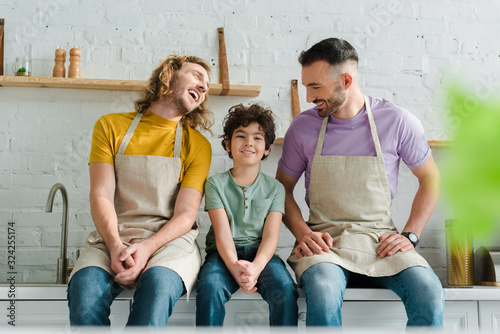 selective focus of happy homosexual parents smiling with mixed race son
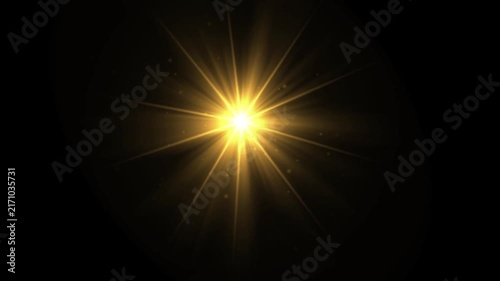 Glowing star with light rays effect on plain black background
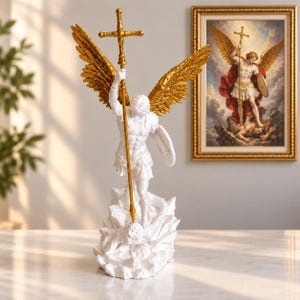 May include: A white and gold statue of an archangel standing on a rocky base, holding a tall gold cross-topped staff and a shield. The figure features large, detailed gold wings and is depicted in a dynamic pose, with a framed print behind it.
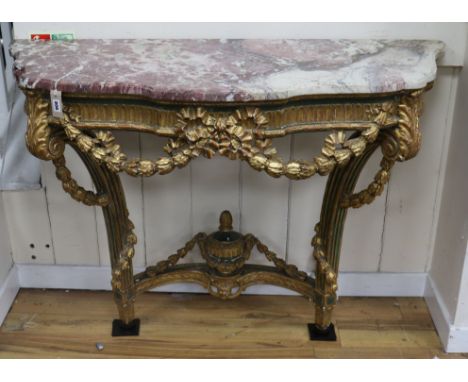 A Louis XV painted parcel gilt console table W.130cm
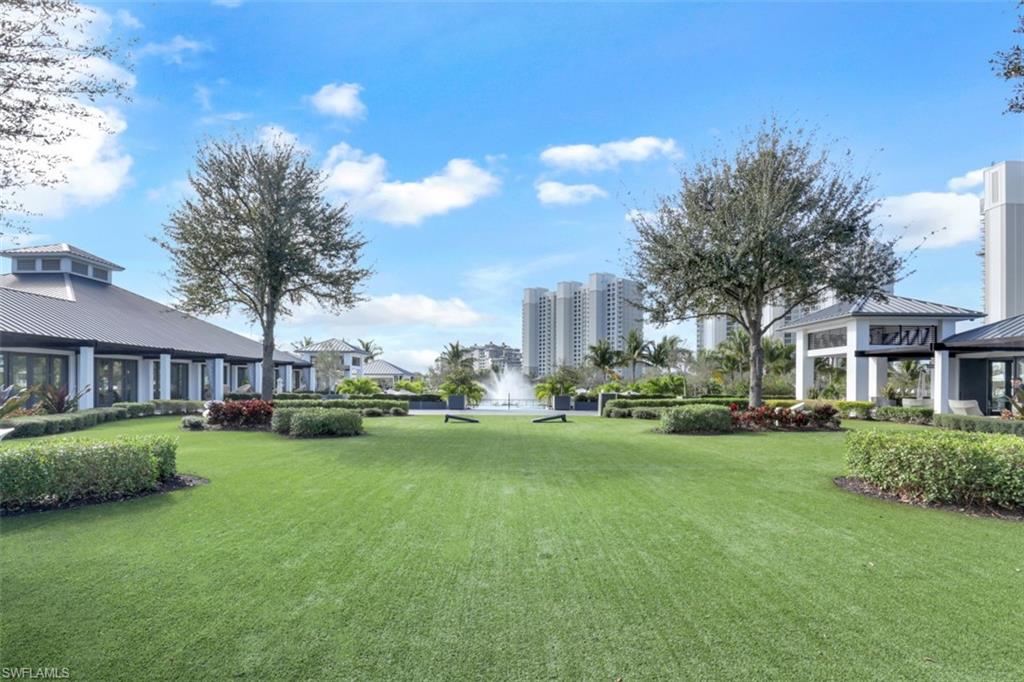 13915 Old Coast Road, Unit 1601 Naples, FL 34110 - Photo 30 of 37 a backyard of a house with table and chairs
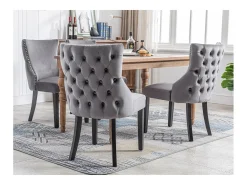 Silla de comedor de terciopelo gris con cómodas patas de madera maciza y diseño acolchado, juego de 2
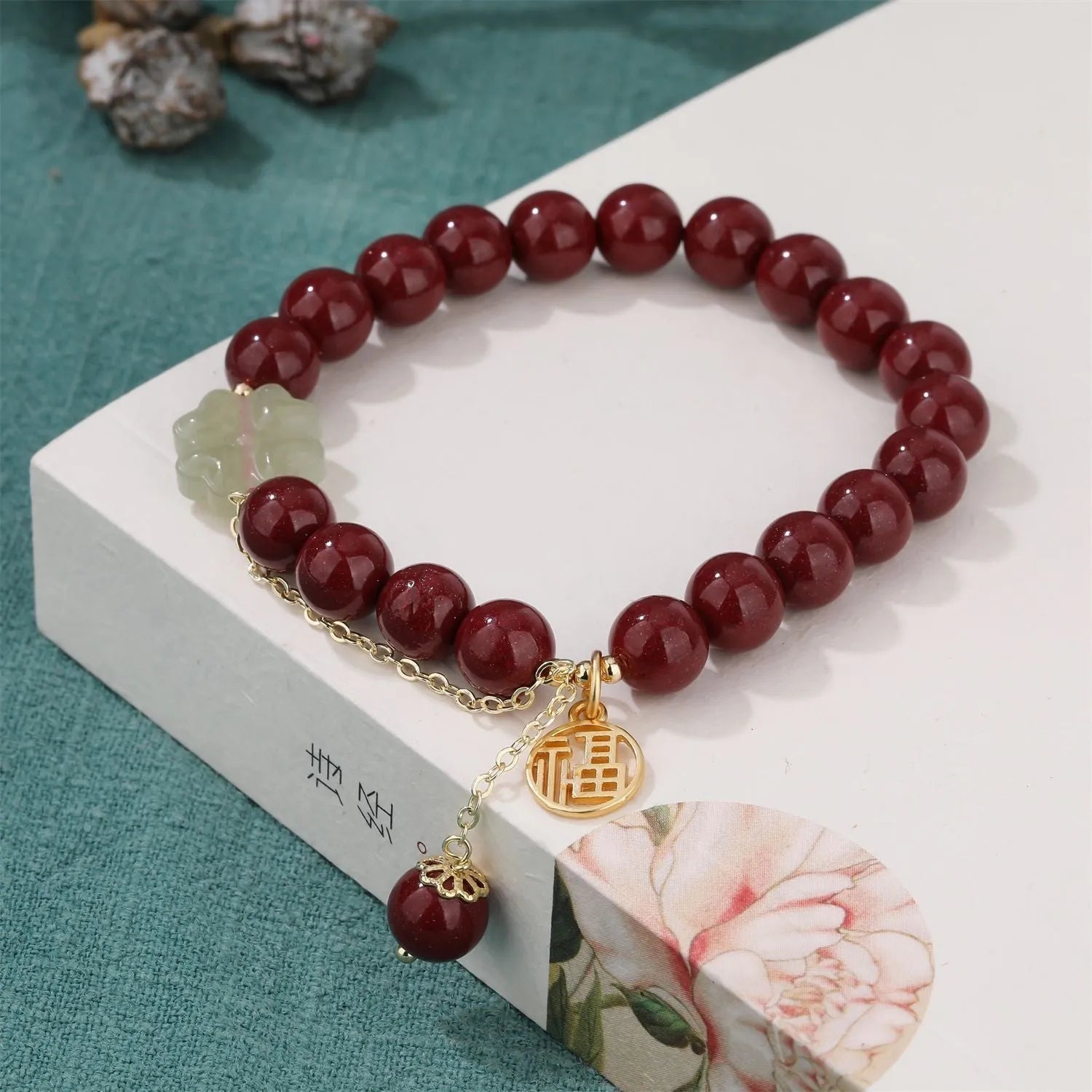 Women's cinnabar national style bracelet with purple gold sand finish and Fu character peach blossom charm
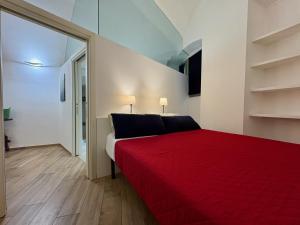 a bedroom with a red bed in a room at The vault of the village, 200 meters from the center and the lake in Lovere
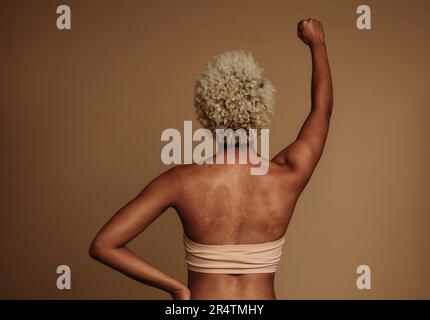 Donna con fiducia si alza in studio, la sua pelle marrone unica in bianco e nero con uno sfondo marrone. Gen Z femmina che alza il pugno per le donne empowerme Foto Stock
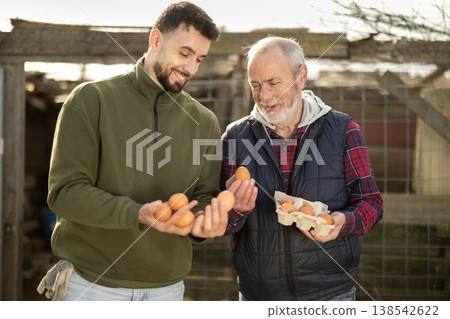 Man with senior father presents farms eco-friendly products - chicken eggs 138542622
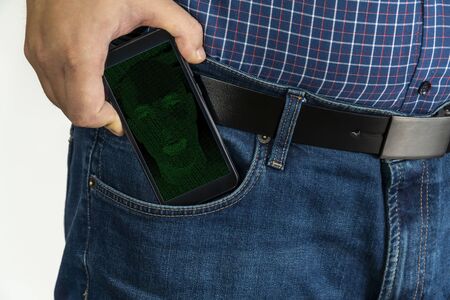 Man putting a smartphone in his pocket with AI personal assistant on the screenの写真素材
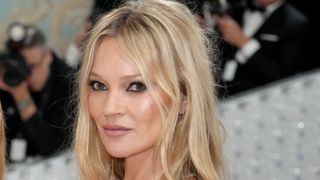 Kate Moss styling out one of the fall makeup looks, diamond skin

__________

§ Directions
Each line from the one containing "Glowing star with" through the last line of the entries above is to be extracted exactly. Pictures are not part of the copy.

§ Exercise output
 Glowing star with light rays effect on plain black background
 May include: A white and gold statue of an archangel standing on a rocky base, holding a tall gold cross-topped staff and a shield. The figure features large, detailed gold wings and is depicted in a dynamic pose, with a framed print behind it.
 A Louis XV painted parcel gilt console table W.130cm
 13915 Old Coast Road, Unit 1601 Naples, FL 34110 - Photo 30 of 37 a backyard of a house with table and chairs
 Silla de comedor de terciopelo gris con cómodas patas de madera maciza y diseño acolchado, juego de 2
 Women's cinnabar national style bracelet with purple gold sand finish and Fu character peach blossom charm
 a bedroom with a red bed in a room at The vault of the village, 200 meters from the center and the lake in Lovere
 Donna con fiducia si alza in studio, la sua pelle marrone unica in bianco e nero con uno sfondo marrone. Gen Z femmina che alza il pugno per le donne empowerme Foto Stock
 Man with senior father presents farms eco-friendly products - chicken eggs 138542622
 Man putting a smartphone in his pocket with AI personal assistant on the screenの写真素材
 Kate Moss styling out one of the fall makeup looks, diamond skin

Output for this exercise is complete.